Saturday, May 24, 2014

Birthday Sonnet

I stand upon the sliding pebble shore
And stare across the river at the falls;
The thunder spray, the red-wing blackbird's calls,
Can only reinforce the silence more.
The river foam, confetti on the floor
Of some glass ballroom where the spotted walls
No longer swirl with dancing, turns and crawls
And shrinks away, as love had shrunk before.

Yet still I feel my gratitude entwine
With every living memory of your guise;
I hear your voice, a recollected line
That leads my thoughts from darkness to the skies;
I feel the coolness of your hand on mine,
I see the moon reflected in your eyes.

-- Saturday, May 24, 2014.

Saturday, May 10, 2014

Family Traits

After an evening of digging up weeds, I stepped into the kitchen of the farmhouse, just in time to see my father, appalled, stalk up to me with a rolled up copy of Dollars and Sense magazine clutched in one hand.

"There are one million prisoners in the United States," he said. "One million! That's mind-boggling!"

Then he stalked off into the living room, and I could hear him say to someone else, "Have you seen this? There are one million prisoners in the United States! Can you believe that?"

This happened years ago, but I remember it as just one more indication that I am very much the son of my father.

Friday, May 9, 2014

The lessons in life....

While biking in the warm evening sunlight through Vincent Massey Park a few years ago (not long before I met my last girlfriend), I heard the sound of Caribbean pop music. "Women!" I thought, and raced off to find the source.

The sound came from a small bandstand, where festival musicians performed in front of a hillside lined with people in the golden slanted light of day's end. Several people danced to the music. I parked my bike near a line of trees and bushes off to the side of the bandstand, where I was mostly hidden from the crowd, so that I could dance, too.

Within a few moments, one of the musicians waved to me, invited me to step onto the bandstand. I laughed and shook my head, but he kept waving: Come on, get up here!

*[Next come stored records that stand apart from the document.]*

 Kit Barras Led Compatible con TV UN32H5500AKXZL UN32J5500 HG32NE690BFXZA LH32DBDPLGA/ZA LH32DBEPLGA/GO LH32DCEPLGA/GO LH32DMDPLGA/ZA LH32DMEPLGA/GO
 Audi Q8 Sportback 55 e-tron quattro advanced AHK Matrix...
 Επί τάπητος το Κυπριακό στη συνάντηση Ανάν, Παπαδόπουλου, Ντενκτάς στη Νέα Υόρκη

And so I went up onto the boards and showed the crowd my dance moves, which, in the past, have been charitably called psychotic. The crowd cheered; I bowed and said thanks. The concert was over. When I left the stand, the musician tapped my fist with his own, and said, "Respect! Respect!"

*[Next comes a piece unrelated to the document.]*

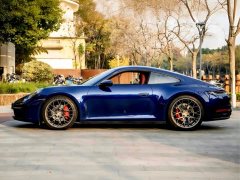 Porsche 911 2023 Carrera 3.0T - фото 3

As I was unlocking my bike and getting ready to leave, a pasty-faced, overweight kid walked up to me and said, "Your dancing sucks."

I glanced at him; he could not have been much more than eleven years old. "Whatever you say, kid."

But he had more to say. "Learn to dance" -- lazy gesture like a horizontal karate chop -- "or get the fuck out."

I leaned on my bike and stared at him.

"Let me put it this way," I said. "When you turn 45, and you can do what I just did... good for you."

I could tell from his face that he had no idea what I was talking about, and so I shrugged and walked away with my bike. But at the back of my mind I had something else to tell him. I regret not having said it:

"Kid, we're only given one life each, and life is too precious to leave to experts. A few skills matter to us, and we learn them as well as we can. Everything else we do, not because we're on TV, not because we're being judged, but for the pure joy of being alive. If you're not willing to sing or dance because you're not as good as some peacock on a TV show, then you're not alive at all."

I doubt he would have understood, but I think he should have heard it.